Aktualisiert: 17. Nov. 2023

Am Anfang eines jeden Prozesses kann eine sogenannte Einlassung vorgetragen werden. Dadurch kriegt die angeklagten Person die Chance, sich ausführlich zur Sache zu äußern, wegen der sie vor Gericht steht. Ich will diese (anonyme) Einlassung mit euch teilen, um euch die Möglichkeit zu geben, nachzuvollziehen, warum sich Menschen auf die Straße kleben.


Sekundenkleber

"Ich hatte eine behütete und glückliche Kindheit. Ich wünsche mir dasselbe für alle Kinder dieser Welt – die schon geborenen und auch die, die in 100 Jahren noch geboren werden. In meiner Familie war die Diskussion und die Bildung einer eigenen Meinung ein sehr hohes Gut. Meine Schwester und ich wuchsen mit hitzigen Debatten über Gott und die Welt am Esstisch auf. Ich war als Kind weder auf Demonstrationen, noch äußerten meine Eltern sich eindeutig zu politischen Richtungen. Stattdessen wurde uns nahegelegt, uns selbst zu informieren, vertrauenswürdige Quellen zu finden und unsere eigenen Schlüsse über Politik und Co zu ziehen.
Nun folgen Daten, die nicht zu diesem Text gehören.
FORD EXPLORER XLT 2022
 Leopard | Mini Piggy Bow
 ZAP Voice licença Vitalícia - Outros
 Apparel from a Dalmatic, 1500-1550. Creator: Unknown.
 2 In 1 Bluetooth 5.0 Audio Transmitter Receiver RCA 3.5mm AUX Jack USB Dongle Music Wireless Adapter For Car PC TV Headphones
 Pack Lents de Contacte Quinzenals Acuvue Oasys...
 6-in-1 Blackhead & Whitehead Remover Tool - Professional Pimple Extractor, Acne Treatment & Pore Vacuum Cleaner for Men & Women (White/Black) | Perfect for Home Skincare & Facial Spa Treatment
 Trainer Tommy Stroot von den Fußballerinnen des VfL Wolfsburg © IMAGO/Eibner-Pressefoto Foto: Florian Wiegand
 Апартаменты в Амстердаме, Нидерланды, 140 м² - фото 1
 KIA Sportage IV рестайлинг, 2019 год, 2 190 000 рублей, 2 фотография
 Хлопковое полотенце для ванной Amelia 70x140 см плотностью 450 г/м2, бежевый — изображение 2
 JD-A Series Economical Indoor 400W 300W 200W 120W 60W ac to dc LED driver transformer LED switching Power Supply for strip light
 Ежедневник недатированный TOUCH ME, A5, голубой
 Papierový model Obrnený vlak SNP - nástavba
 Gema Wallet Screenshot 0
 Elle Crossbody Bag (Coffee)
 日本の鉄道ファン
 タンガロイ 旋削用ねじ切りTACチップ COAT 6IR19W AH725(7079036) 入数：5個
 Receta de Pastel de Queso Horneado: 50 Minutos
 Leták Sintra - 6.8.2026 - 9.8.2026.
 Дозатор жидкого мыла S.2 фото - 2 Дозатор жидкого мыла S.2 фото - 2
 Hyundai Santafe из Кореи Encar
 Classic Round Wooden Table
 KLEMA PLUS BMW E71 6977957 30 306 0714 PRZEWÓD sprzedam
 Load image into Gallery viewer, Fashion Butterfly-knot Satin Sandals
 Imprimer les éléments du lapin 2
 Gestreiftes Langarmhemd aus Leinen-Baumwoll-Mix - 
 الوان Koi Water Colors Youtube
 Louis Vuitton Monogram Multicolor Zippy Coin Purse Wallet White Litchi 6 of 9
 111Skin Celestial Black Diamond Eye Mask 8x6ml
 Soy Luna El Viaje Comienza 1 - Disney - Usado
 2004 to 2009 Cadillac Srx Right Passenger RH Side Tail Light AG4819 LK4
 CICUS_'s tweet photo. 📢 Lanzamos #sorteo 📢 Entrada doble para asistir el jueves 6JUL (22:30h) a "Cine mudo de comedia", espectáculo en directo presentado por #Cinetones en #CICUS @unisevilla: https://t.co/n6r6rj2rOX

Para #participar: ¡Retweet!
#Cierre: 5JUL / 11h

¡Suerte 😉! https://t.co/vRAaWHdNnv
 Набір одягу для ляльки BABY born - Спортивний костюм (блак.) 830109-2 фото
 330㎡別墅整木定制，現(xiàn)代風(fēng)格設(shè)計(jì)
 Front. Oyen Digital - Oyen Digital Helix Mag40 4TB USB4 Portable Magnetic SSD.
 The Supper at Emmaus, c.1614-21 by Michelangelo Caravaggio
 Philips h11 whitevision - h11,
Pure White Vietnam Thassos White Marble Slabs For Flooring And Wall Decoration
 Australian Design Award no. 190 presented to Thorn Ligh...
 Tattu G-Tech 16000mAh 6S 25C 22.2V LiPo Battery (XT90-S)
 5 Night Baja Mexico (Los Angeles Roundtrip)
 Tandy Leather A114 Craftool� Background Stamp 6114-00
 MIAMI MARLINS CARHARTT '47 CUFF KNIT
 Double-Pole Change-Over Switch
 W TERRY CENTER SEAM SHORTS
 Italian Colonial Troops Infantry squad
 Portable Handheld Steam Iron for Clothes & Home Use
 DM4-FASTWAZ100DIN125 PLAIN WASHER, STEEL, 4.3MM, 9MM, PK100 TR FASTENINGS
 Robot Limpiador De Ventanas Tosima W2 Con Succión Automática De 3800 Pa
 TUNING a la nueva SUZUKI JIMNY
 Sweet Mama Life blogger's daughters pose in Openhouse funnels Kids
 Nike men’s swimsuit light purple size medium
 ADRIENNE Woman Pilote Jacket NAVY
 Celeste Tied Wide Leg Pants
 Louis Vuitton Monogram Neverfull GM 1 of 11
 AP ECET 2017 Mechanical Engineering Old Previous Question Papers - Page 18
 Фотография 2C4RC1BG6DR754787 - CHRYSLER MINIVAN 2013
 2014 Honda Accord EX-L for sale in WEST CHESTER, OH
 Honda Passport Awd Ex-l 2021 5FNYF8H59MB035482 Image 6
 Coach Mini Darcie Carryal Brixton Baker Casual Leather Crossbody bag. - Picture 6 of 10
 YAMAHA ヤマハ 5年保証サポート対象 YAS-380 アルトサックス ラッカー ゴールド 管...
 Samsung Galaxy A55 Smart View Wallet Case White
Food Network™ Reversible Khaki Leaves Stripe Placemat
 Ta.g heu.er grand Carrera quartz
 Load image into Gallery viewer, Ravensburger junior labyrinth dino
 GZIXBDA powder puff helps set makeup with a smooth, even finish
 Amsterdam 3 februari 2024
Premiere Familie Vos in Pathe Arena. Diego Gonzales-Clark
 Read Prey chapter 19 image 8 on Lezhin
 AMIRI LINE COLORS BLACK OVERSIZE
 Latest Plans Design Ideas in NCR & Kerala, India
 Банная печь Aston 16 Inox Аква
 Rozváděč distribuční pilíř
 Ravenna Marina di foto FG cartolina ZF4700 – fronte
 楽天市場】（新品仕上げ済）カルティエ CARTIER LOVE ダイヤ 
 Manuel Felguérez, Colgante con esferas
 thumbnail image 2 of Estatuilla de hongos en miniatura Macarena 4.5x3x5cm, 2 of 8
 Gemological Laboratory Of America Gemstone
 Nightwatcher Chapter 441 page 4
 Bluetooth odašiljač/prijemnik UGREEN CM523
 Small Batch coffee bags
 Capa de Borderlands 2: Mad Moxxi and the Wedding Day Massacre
Wir sollten alles kritisch hinterfragen und nichts als Selbstverständlichkeit hinnehmen. Das Zeitung-Lesen beim Frühstück war schnell eine Selbstverständlichkeit für mich. Dadurch wurde mir schon früh bewusst, dass auch unsere Demokratie nichts Selbstverständliches ist. Dass die meisten Menschen keine so sichere Umgebung, deutlich weniger Chancen im Leben – kurz: einfach deutlich weniger Glück im Geburten-Lotto hatten, als ich.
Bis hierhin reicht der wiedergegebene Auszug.